A case study presented Tuesday at the Annual Clinical Meeting of The American College of Obstetricians and Gynecologists showed that pregnant women who use synthetic marijuana may experience dangerous symptoms harmful for both the mother and the unborn child.
Dr. Cindy S. Lee and Dr. Sally Nalesnik, from Kern Medical Center in Bakersfield, CA, conducted research involving a pregnant woman who came to the labor and delivery floor agitated and had a seizure. The woman was approximately 35 weeks pregnant and did not previously have prenatal care. She was found to have elevated blood pressure and protein in her urine which are common symptoms of preeclampsia. After being resuscitated, the patient underwent emergency cesarean delivery in response to fetal distress.
The woman’s physicians successfully delivered a 28-week female baby who screened negative for drugs. Typically, eclampsia is cured with the delivery of the baby, but this particular patient did not get better following delivery.
“This was an interesting, yet confusing presentation,” Dr. Lee said in a news release. “We wanted to report it so in the future if something similar came up, it would be in the literature and physicians could refer to it.”

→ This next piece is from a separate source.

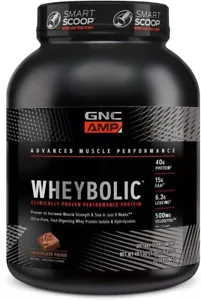 GNC AMP Wheybolic Ripped Whey Protein Isolate Chocolate PB 22 Servings - Picture 1 of 8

The woman’s lab results showed very low potassium levels and her urine drug test returned negative. Her physicians later received information from an anonymous caller who said the patient was regularly smoking Spice Gold, one of the many street names for synthetic marijuana.
“This was not a pregnancy problem but a drug problem,” Dr. Lee added. She said it is important for ob-gyns to realize that emerging drugs represent growing challenges to medical practitioners because synthetic marijuana, for instance, cannot be detected in standard drug tests.
Synthetic marijuana is a mixture of herbs and spices that is typically sprayed with a synthetic compound that mimics the effect of THC, the psychoactive element in marijuana. Among the most popular compounds that illegal drug makers are using to create synthetic marijuana include JWH-018, JWH-073, and JWH-200, and HU-211. Although these chemical compounds are banned under federal and several state laws, drug makers are getting smart enough to use other available synthetic cannabinoids that are not yet banned in order to avoid existing drug laws.
Law enforcement officials and public health practitioners are concerned about the potential side effects of synthetic marijuana and bath salts, saying they don’t really know what those products can do to people.